Since one of the purposes behind this whole exercise was to put out some of my writing, and since I’m already slacking off on the schedule I promised to keep, here’s an extra update. It’s a very short, largely out-of-context fiction piece I put together some time ago on an old forum. It probably won’t make a lot of sense, but I’m proud of it.

Have to keep moving, have to keep running. If only the ground would stop trying to crawl away from me. Nothing makes sense at this point, its all become some weird parody. I’m not laughing though. I’m gasping, trying to breathe, sweating bullets, washed out like a junkie. Coming off the pills, all those goddamned pills I quaffed like fucking candy.
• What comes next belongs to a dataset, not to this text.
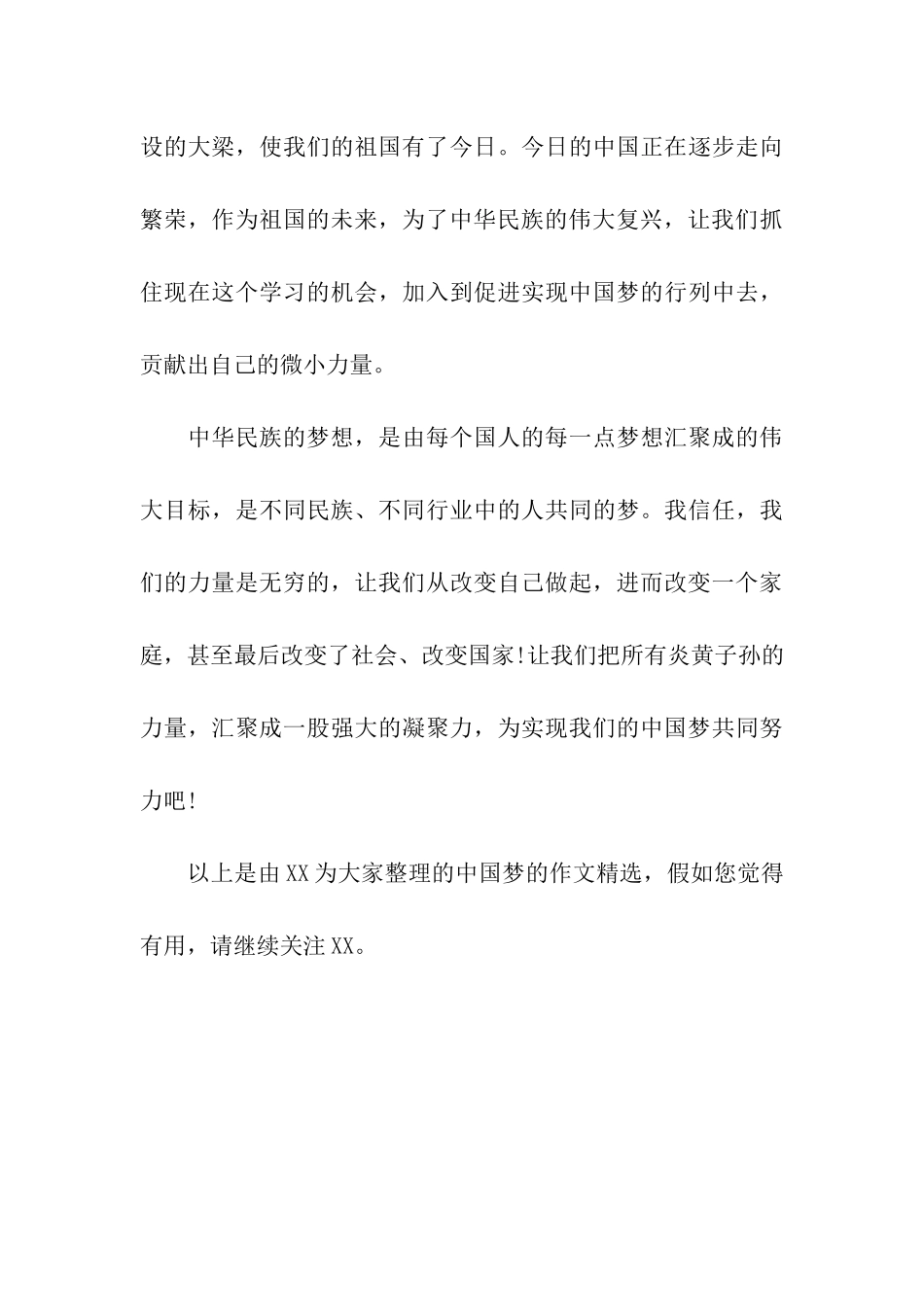 中国梦的作文精选我的梦中国梦_第3页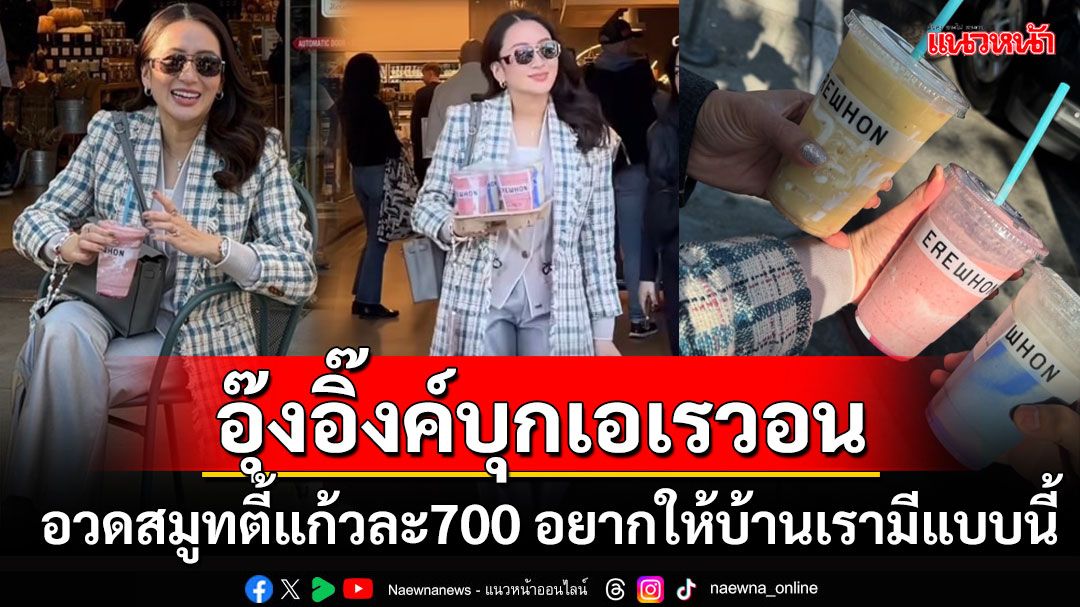 'อุ๊งอิ๊งค์'เยือนตลาดสดคนรวย'เอเรวอน'-โชว์สมูทตี้แก้วละ700 อยากให้บ้านเรามีแบบนี้บ้าง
The detox might kill me before they do, or before this thing inside me does. Inoperable. Second opinions, third opinions, fourth opinions. “Inoperable.” Even if I wasn’t too weak for surgery they say it’s grown too fast, they’d never get it all at this point. It’s just going to keep on growing like some necrotic new organ, hemorrhaging its shit into my system. Its building up there, whatever weird shit it was that thing produced. It’s slowly changing my body chemistry. I smell different than I used to. That’s not good. Sooner or later it’s going to reach toxic levels and my body will reject it and then I’ll die. Simple as that.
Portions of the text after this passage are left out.